» **Your instructions**
Filter the listing below, keeping every line that holds "Photo".

» **Listed records**
________________________________________

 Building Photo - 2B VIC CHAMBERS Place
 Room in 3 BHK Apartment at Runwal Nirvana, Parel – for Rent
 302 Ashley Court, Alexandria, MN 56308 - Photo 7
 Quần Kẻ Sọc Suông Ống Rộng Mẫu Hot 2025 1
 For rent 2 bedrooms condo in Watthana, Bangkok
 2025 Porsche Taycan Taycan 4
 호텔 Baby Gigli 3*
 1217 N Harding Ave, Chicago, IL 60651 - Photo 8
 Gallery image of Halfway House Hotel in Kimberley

________________________________________

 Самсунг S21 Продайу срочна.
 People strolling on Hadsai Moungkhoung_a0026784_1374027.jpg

________________________________________

» **Task result**
 Building Photo - 2B VIC CHAMBERS Place
 302 Ashley Court, Alexandria, MN 56308 - Photo 7
 1217 N Harding Ave, Chicago, IL 60651 - Photo 8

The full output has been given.